雨音で呼吸を止めて

連日雨続きとなると、さすがに気分も下を向く。友達のうちの一人はテンションあがるーなんて言ってたけど、私はあんまり好きじゃない。
いつのまにか放課後になっていた。窓に寄りかかり、どんよりした空を見上げてぼんやりしていたら、ふと窓の外に知り合いの姿があるのを見つけた。

青い傘。長い足と斜め掛けのスポーツバッグ。

「…影山くん」

まるい頭は傘のせいで見えないけれど、あれは影山くんに違いない。
何かあったのか、今日はいつも部活が終わる時間より帰るのがはやいらしい。

(…あ、日向くん、かな)

駐輪場に向かっていく日向くんが途中で影山くんに気づいたらしく、二人は雨で傘をさしているのに何やらごちゃごちゃやり始めた。二つの傘がばしばしぶつかる。…あれ絶対びしょびしょになるって。
まさに高1男子、年下の男の子って感じがして、自然と頬がゆるんだのがわかった。実際にはひとつしか歳が違わないけれど。
そしてゆっくりと、その笑みは解けていく。

どうにもあれからずっと頭に引っかかっている、あの瞬間のことを思い返した。





テストの勉強、みてくれませんか。
前々から影山くんにはそう言われていて、一昨日ついに第一回目の勉強会をした。適当なファストフード店に入って、部活帰りのジャージ姿の影山くんと私は向かい合って座った。

「今日はとりあえず数学」
「…はい」
「ていうかやっぱり、勉強苦手なのは健在だったんだ?」
「何すかそれ。からかってるんすか」
「それは、まあ」

笑ってみせたら、影山くんはむすっとした表情を浮かべた。しかし私が教科書を開くと教えられる側だということを思い出したのか、改めて姿勢を正した。

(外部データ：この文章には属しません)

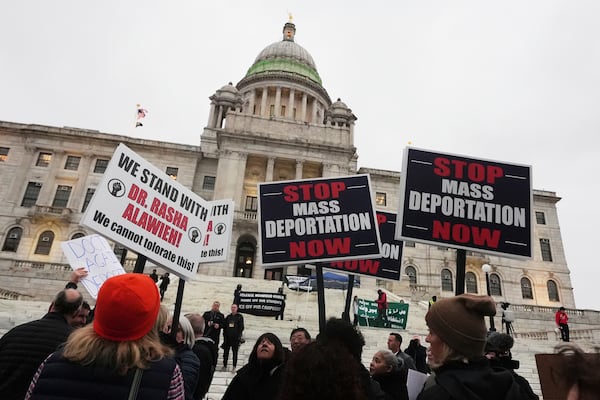 Protesters rally outside the Rhode Island State House in support of deported Brown University Dr. Rasha Alawieh, Monday, March 17, 2025, in Providence, R.I. (AP Photo/Charles Krupa)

…それが続いたのが大体20分くらい。気づいたら影山くんの瞳が細ーくなっていて、ちょっと待ってという私の声にはっとその目が大きくなった。明らかに慌てている。

「ねえ、眠い?」
「眠くないです」
「ほんと?」
「ほんとっす。全然眠くないです」
「うそつけー」
「………。眠いです」
「みたいだね」

私がにやにやしているからか、影山くんはきまり悪そうに視線を泳がせている。
にしてもまさか開始20分で寝そうになるとは。ほんと、やたらと好き嫌いがはっきりわかるというか、興味のあることにのみ全力というか…簡単に言えば自分に素直すぎるくらい素直だ。でも影山くんのこういうところは嫌いじゃないので、つい私は笑って許してしまった。なんだろう、先輩バカとかいうやつなのかもしれない。

そこからは時々私が起こしたりしながらも影山くんはわりと真面目に勉強をして、さすがに時間も時間だということになって勉強会はお開きということになった。予想以上に影山くんが頑張る。理由は絶対バレーにあるんだろうな、と思って私はこっそり笑った。

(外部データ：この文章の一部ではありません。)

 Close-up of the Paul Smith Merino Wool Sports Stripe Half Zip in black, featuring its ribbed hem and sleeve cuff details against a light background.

帰り道、影山くんが自然に隣を歩いた。いやそりゃ隣を歩くくらい普通かもしれないのだが、なんというか、本当に当たり前のようにそばにいる。その横顔がなんだか急に頼もしく見えた。

「相沢先輩」
「なに?」
「…あの、えっと。その、ひとつ聞きたいことがあります」
「ん、なに」

何気なく聞き返した私に、影山くんは一言。

「及川さんのことです」
「……!」

なぜいま、このタイミングで、それを言い出すのか。あの4月のはじめあたりのあの日以来、影山くんは徹先輩については、神経質なくらい全く何も言ってこなかったのに。何か理由でもあるのだろうかとびっくりして固まる私の目を、影山くんはまっすぐ見つめた。

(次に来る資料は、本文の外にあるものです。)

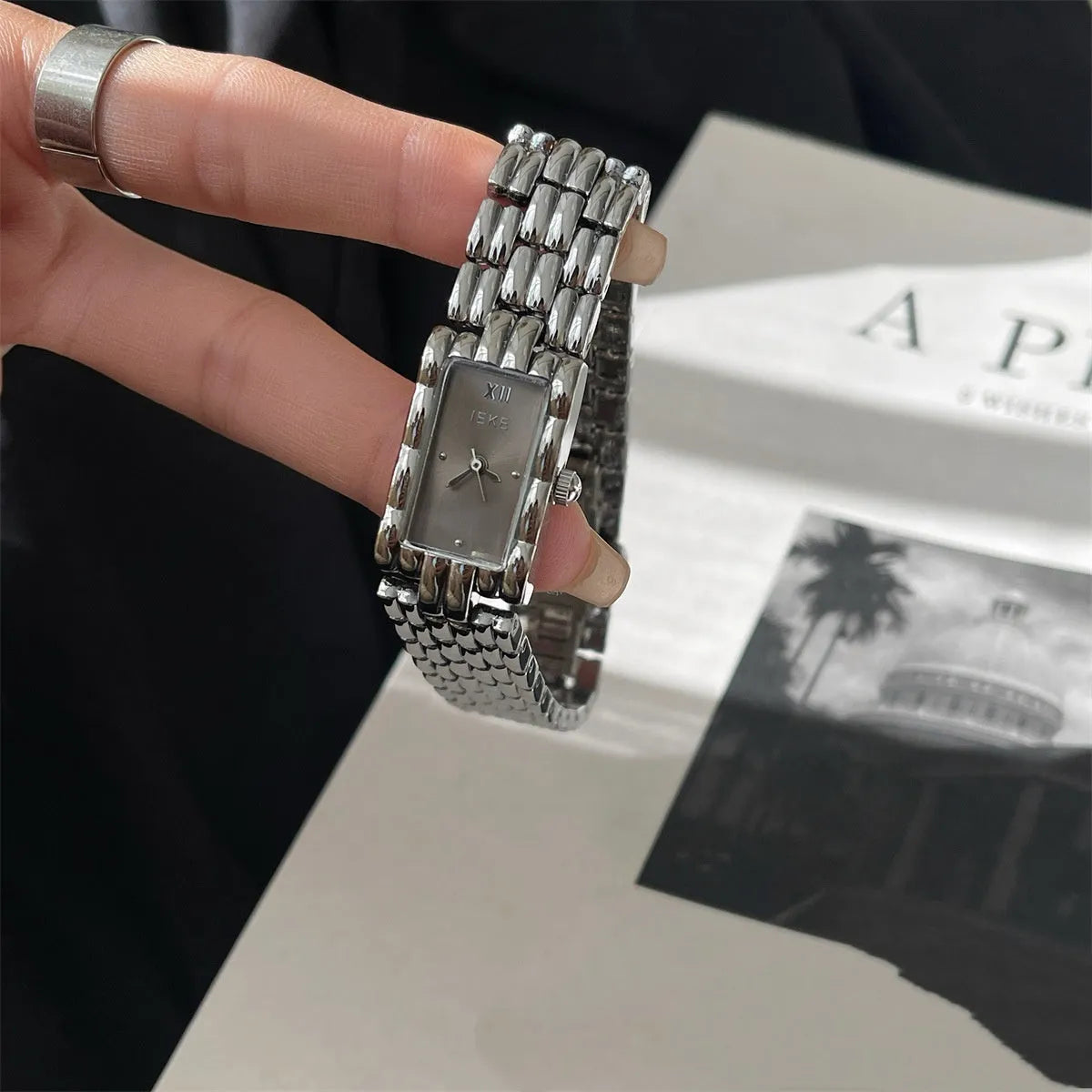 A bracelet-style ladies' watch with a stainless steel case, showing a choice of silver or gold finishes with white or grey dials.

「先輩はもう、及川さんのこと、好きじゃないんですよね」
「…う、ん」
「別れたんですよね?」
「…そうだよ?」

だからあのときメールしたんじゃん、とちょっとだけ笑って言ってみたものの、影山くんからは笑みも何も返っては来なかった。代わりに、強い、どこか熱っぽい視線が私の目を見つめる。
…本当に、どうしたのだろう。
何かあったとしか思えなかった。

「じゃあ、それならっ……」

影山くんの声が一瞬ぐらりと揺らいだ。そこで言葉を切ってから、影山くんはしばらく唇をぎゅっと引き結んで、何かをこらえるような様子を見せた。

「…。何でもないです」

何でもなくなんか、ない。そんな表情だった。どうすればいいかわからなくて、追及することもできなくて、なぜかすこしだけ胸が痛んだ。


ーーーずっと頭にある、あの影山くんの表情。
切れ長の綺麗な瞳が、ひどく切なげに私をじっと見つめていた。視線は熱を帯びていた。
自意識過剰だったなら、それに越したことはないのだが。

青い傘が見えなくなる。それと同時にちょっとだけ、私の胸が締めつけられるような感覚がした。